The Beauty of Zarr PyCon DE & PyData Berlin 2023

The Beauty of Zarr
.ical
2023-04-19 14:35–15:05, B05-B06

In this talk, I’d be talking about Zarr, an open-source data format for storing chunked, compressed N-dimensional arrays. This talk presents a systematic approach to understanding and implementing Zarr by showing how it works, the need for using it, and a hands-on session at the end. Zarr is based on an open technical specification, making implementations across several languages possible. I’d mainly talk about Zarr’s Python implementation and show how it beautifully interoperates with the existing libraries in the PyData stack.

Zarr is a data format for storing chunked, compressed N-dimensional arrays. Zarr is based on open-source technical specification and has implementations in several languages, with Zarr-Python being the most used. Zarr is NumFOCUS’s sponsored project and is under their umbrella.

Outline:

First, I’d be talking about:

What’s, Why’s, and How’s of Zarr (15 mins.)

How does Zarr work?
- Talking about the motivation and functionality of Zarr
What’s the need for using Zarr?
- When, where and why to use it?
Pluggable compressors and file-storage
- Talking about several compressors and file-storage systems available in Zarr
Managing(selection, resizing, writing, reading) chunked arrays using Zarr functions
- Using inbuilt functions to manage compressed chunks
How is Zarr different when compared to other storage formats?
- Talking briefly about technical specification, which allows Zarr to have implementations in several languages
- Pros and cons when compared to other storage formats
Zarr community
- What is the Zarr community, and how do we do things?

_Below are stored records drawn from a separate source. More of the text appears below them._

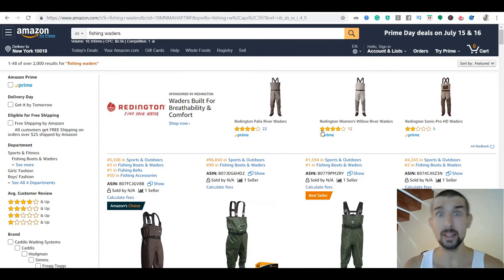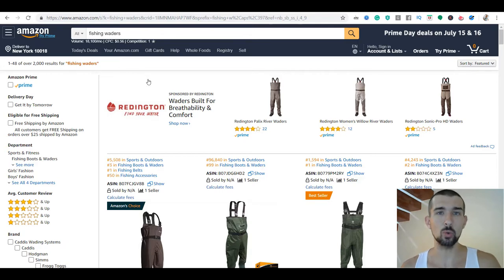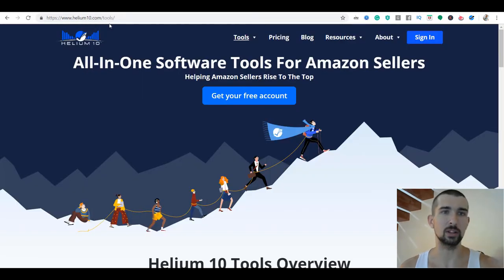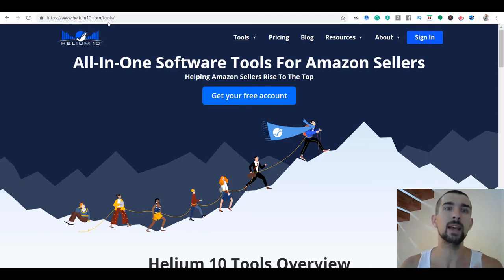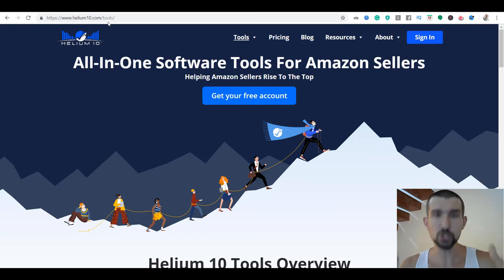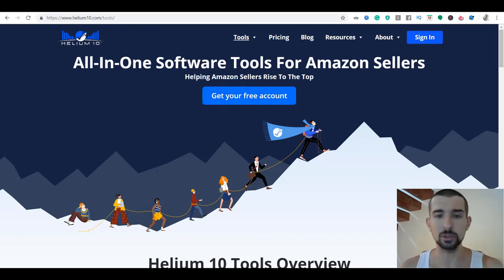Next, we're going to use another free tool — the X-Ray by Helium 10. Let me take you to Helium 10 for a second and show you why Helium 10 is actually free. We go to helium10.com/tools — I'm going to link it in the description down below, along with Keywords Everywhere and all the other things, so you can check them out.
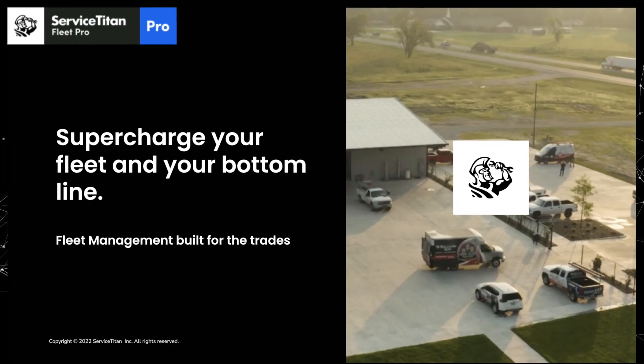What's going on everybody? It's Richard Koberger here, the Blue Claw Nerd, and in this video I'm going to be showing you a new, at least new at the time of me recording this video, offering from Service Titan called Fleet Pro.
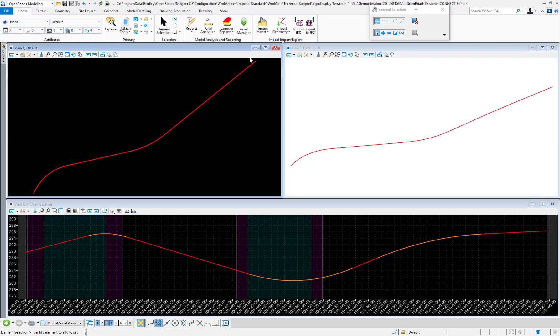In this video we'll demonstrate how to display a terrain model in the profile view. This file is created from a 2D seed file.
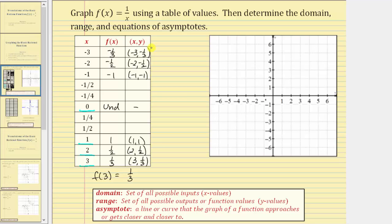Let's plot these points on the coordinate plane. The point one comma one is here, two comma one half is here, and three comma one third is here. Notice how as the inputs or x values increase, the function values are getting smaller and smaller and approaching zero. But the function value will never be zero, because the numerator is one. So the graph passes through these three points and approaches the x-axis in this direction.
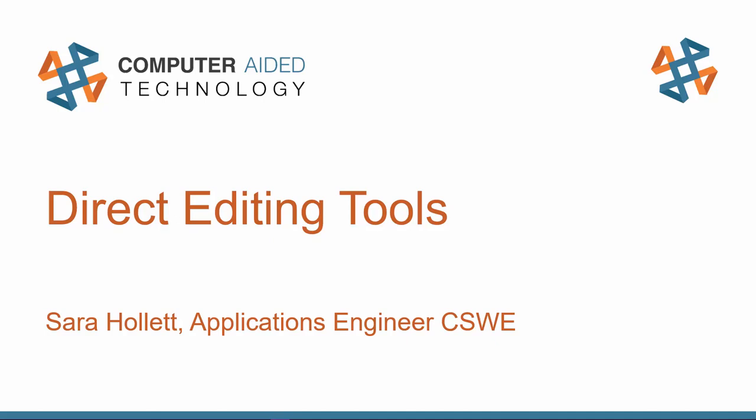Hello everyone, and welcome to Direct Editing Tools. My name is Sarah Hallett, and I'm an application engineer here with CATI. Direct Editing Tools are very powerful and fast and easy to use, so I'm very excited to talk to you about them today.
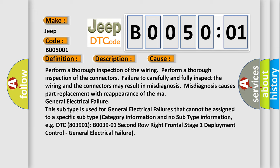This subtype is used for general electrical failures that cannot be assigned to a specific subtype category. For example, DTC B0039-01 second row right frontal stage 1 deployment control, general electrical failure.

Then, I’d be doing a hands-on session, which would cover the following:

Hands-on (10 mins.)

Creating and using Zarr arrays
- Using inbuilt functions to create Zarr arrays and reading and writing data to it
Looking under the hood
- Use store functions to explain how your Zarr data is stored
Consolidating metadata
- Consolidating the metadata for an entire group into a single object
Writing and reading from Cloud object storage
- Using S3/GCS/Azure to create Zarr arrays and write data to it
Showing how Zarr interoperates with the PyData stack
- How Zarr interoperates with the PyData stack(NumPy, Dask and Xarray) and how you can write data to your Zarr chunks at incredibly high speed in parallel using Dask

I’d be closing the talk by:

Conclusion(5 mins.)

Key takeaway
How can you contribute to Zarr?
QnA

This talk aims to address the audience who works with large amounts of data and are in search of a data format which is transparent, easy to use and friendly to the environment. Zarr is also reasonably used in bioimaging, geospatial and research communities. So, Zarr is your one-stop solution if you’re from a community or an organisation dealing with high-volume data. Also, anyone curious and wants to learn about Zarr and how to use it is most welcome.

The tone of the talk is set to be informative, along with a hands-on session. Also, I’m happy to adjust the style according to the audience in the room.

Intermediate knowledge of Python and NumPy arrays is required for the attendees to attend this talk.

After this talk, you’d learn:

Basic use cases for Zarr and how to use it
Understand the basics of data storage in Zarr
Understand the basics of compressors and file-storage systems in Zarr
Take a better and more informed decision on what data format to use for your data

Expected audience expertise: Domain: Novice Expected audience expertise: Python: Intermediate Abstract as a tweet:

Hi all, I’ll be talking about Zarr, an open-source data format for storing chunked, compressed N-dimensional arrays, along with a hands-on session. If you work with huge datasets in local/cloud storage and looking for an efficient format, please attend my talk. Thanks!

Sanket Verma

Sanket is a data scientist based out of New Delhi, India. He likes to build data science tools and products and has worked with startups, government and organisations. He loves building community and bringing everyone together and is Chair of PyData Delhi and PyData Global. Currently, he's taking care of the community and OSS at Zarr as their Community Manager.
When he’s not working, he likes to play the violin and computer games and sometimes thinks of saving the world!